WHAT IS NEEDED: The following data has a line with "Betsey Johnson Cream" and a line with "Wilson Jones Round". Write out exactly those lines and all the lines between them.

--- RECORDS FOR THE EXERCISE Enclosed Below ---

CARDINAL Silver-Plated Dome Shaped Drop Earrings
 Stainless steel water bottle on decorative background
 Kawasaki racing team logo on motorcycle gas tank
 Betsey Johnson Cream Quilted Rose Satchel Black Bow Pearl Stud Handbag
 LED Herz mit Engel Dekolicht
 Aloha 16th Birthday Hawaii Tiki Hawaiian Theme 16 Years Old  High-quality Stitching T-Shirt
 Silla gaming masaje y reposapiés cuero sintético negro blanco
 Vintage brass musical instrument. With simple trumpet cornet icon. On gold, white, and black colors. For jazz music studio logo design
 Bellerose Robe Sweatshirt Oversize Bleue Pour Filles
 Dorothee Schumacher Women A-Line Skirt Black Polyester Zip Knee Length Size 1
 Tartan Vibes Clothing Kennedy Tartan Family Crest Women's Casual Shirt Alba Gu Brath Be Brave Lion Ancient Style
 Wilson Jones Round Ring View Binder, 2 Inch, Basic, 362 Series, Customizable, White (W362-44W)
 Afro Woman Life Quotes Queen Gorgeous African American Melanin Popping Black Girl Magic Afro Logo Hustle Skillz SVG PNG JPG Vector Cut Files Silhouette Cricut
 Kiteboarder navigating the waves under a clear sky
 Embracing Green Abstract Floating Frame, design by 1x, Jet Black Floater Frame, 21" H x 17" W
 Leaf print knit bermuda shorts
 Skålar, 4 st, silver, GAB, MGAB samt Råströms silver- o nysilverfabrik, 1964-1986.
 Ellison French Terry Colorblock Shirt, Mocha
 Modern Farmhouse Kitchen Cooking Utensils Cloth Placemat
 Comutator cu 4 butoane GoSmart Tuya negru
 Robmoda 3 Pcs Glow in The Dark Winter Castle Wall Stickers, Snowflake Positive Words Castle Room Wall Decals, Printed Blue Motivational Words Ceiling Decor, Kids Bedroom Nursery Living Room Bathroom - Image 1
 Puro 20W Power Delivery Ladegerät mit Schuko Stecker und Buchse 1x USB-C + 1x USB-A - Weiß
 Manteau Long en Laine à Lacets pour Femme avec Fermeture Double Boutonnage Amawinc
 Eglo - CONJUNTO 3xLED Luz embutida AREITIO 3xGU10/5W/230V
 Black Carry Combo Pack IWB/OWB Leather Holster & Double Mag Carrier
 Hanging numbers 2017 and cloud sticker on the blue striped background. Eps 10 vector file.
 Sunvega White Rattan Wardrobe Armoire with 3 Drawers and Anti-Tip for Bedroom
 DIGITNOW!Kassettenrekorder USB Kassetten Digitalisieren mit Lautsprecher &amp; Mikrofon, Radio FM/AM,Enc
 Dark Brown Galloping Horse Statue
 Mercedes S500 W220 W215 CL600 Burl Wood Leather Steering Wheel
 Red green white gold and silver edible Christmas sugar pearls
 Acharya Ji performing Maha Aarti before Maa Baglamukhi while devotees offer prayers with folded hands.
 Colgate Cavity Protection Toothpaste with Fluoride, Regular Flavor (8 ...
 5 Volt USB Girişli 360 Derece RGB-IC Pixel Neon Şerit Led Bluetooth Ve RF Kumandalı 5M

--- End of Enclosed RECORDS FOR THE EXERCISE ---

OUTPUT OF THE TASK:
 Betsey Johnson Cream Quilted Rose Satchel Black Bow Pearl Stud Handbag
 LED Herz mit Engel Dekolicht
 Aloha 16th Birthday Hawaii Tiki Hawaiian Theme 16 Years Old  High-quality Stitching T-Shirt
 Silla gaming masaje y reposapiés cuero sintético negro blanco
 Vintage brass musical instrument. With simple trumpet cornet icon. On gold, white, and black colors. For jazz music studio logo design
 Bellerose Robe Sweatshirt Oversize Bleue Pour Filles
 Dorothee Schumacher Women A-Line Skirt Black Polyester Zip Knee Length Size 1
 Tartan Vibes Clothing Kennedy Tartan Family Crest Women's Casual Shirt Alba Gu Brath Be Brave Lion Ancient Style
 Wilson Jones Round Ring View Binder, 2 Inch, Basic, 362 Series, Customizable, White (W362-44W)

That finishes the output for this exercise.